## [Exercise description]
The output should hold exactly, and only, the lines from the line bearing "Paul Stuart Wool" through the last line of the listing below, and no pictures.

## [Data]

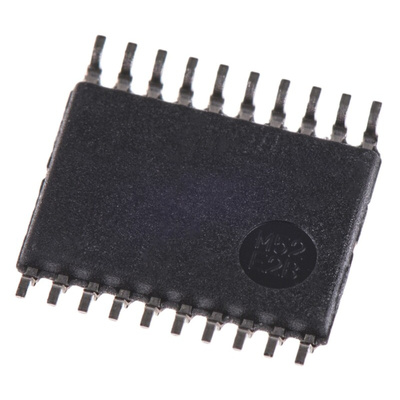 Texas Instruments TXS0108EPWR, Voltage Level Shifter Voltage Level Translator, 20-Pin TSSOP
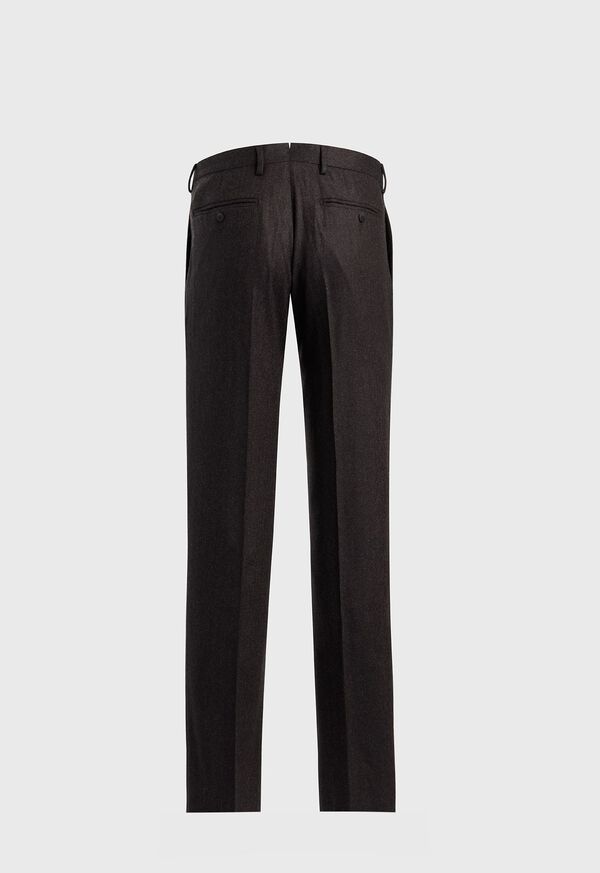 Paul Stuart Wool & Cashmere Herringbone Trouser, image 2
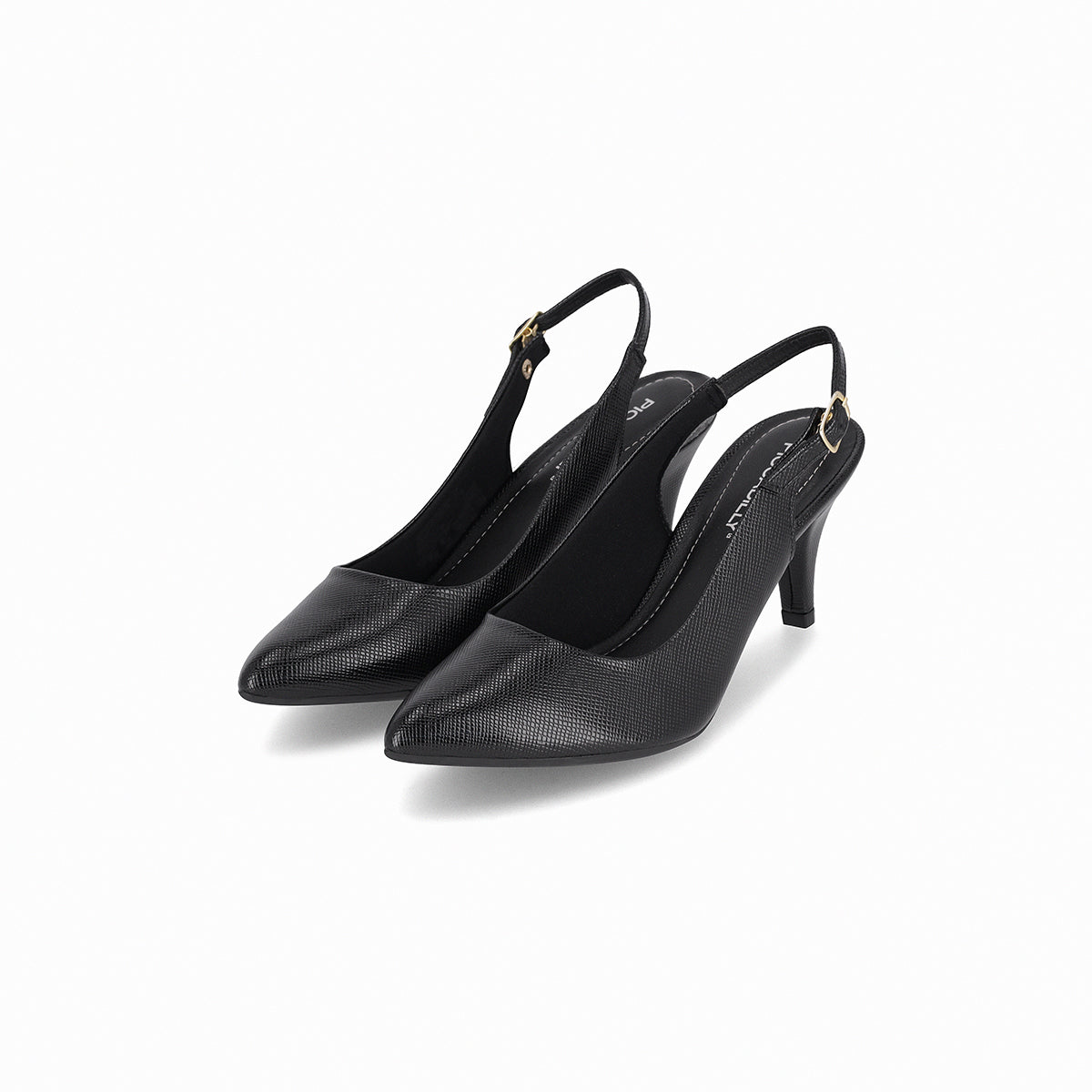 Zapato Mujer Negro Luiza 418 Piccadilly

## [Exercise result]
 Paul Stuart Wool & Cashmere Herringbone Trouser, image 2
 Zapato Mujer Negro Luiza 418 Piccadilly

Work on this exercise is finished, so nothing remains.